What to work on: Write out precisely the lines beginning with the line that contains "COMME des GARCONS" and ending with the last line of the entries, and no other lines.

Material for the task:
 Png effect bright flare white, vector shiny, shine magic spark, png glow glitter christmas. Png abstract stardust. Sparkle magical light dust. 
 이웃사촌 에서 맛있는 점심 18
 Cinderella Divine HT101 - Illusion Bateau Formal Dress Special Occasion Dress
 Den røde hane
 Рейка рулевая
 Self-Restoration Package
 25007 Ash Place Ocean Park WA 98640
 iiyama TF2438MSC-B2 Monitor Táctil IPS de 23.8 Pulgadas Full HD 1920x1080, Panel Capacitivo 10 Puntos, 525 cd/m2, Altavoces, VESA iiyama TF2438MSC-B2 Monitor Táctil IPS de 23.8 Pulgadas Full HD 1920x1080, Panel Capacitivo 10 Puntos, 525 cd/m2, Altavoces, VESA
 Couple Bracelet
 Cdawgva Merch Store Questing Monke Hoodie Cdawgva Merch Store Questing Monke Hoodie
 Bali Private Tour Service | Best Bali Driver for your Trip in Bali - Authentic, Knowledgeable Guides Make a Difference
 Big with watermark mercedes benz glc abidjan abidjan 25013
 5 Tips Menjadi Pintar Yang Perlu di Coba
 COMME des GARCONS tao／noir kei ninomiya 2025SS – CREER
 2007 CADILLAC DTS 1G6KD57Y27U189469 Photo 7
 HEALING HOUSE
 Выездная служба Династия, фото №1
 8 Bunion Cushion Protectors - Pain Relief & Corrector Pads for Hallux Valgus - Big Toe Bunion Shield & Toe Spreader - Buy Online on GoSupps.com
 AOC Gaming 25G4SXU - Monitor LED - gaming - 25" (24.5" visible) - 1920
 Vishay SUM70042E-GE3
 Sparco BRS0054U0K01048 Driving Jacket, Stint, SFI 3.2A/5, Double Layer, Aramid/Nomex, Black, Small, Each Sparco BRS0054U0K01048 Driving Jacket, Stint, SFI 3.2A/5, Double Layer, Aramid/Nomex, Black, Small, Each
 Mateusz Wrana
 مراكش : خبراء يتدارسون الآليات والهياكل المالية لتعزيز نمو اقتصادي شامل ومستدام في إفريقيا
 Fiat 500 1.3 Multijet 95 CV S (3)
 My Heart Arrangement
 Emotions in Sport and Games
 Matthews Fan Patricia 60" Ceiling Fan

Solved problem:
 COMME des GARCONS tao／noir kei ninomiya 2025SS – CREER
 2007 CADILLAC DTS 1G6KD57Y27U189469 Photo 7
 HEALING HOUSE
 Выездная служба Династия, фото №1
 8 Bunion Cushion Protectors - Pain Relief & Corrector Pads for Hallux Valgus - Big Toe Bunion Shield & Toe Spreader - Buy Online on GoSupps.com
 AOC Gaming 25G4SXU - Monitor LED - gaming - 25" (24.5" visible) - 1920
 Vishay SUM70042E-GE3
 Sparco BRS0054U0K01048 Driving Jacket, Stint, SFI 3.2A/5, Double Layer, Aramid/Nomex, Black, Small, Each Sparco BRS0054U0K01048 Driving Jacket, Stint, SFI 3.2A/5, Double Layer, Aramid/Nomex, Black, Small, Each
 Mateusz Wrana
 مراكش : خبراء يتدارسون الآليات والهياكل المالية لتعزيز نمو اقتصادي شامل ومستدام في إفريقيا
 Fiat 500 1.3 Multijet 95 CV S (3)
 My Heart Arrangement
 Emotions in Sport and Games
 Matthews Fan Patricia 60" Ceiling Fan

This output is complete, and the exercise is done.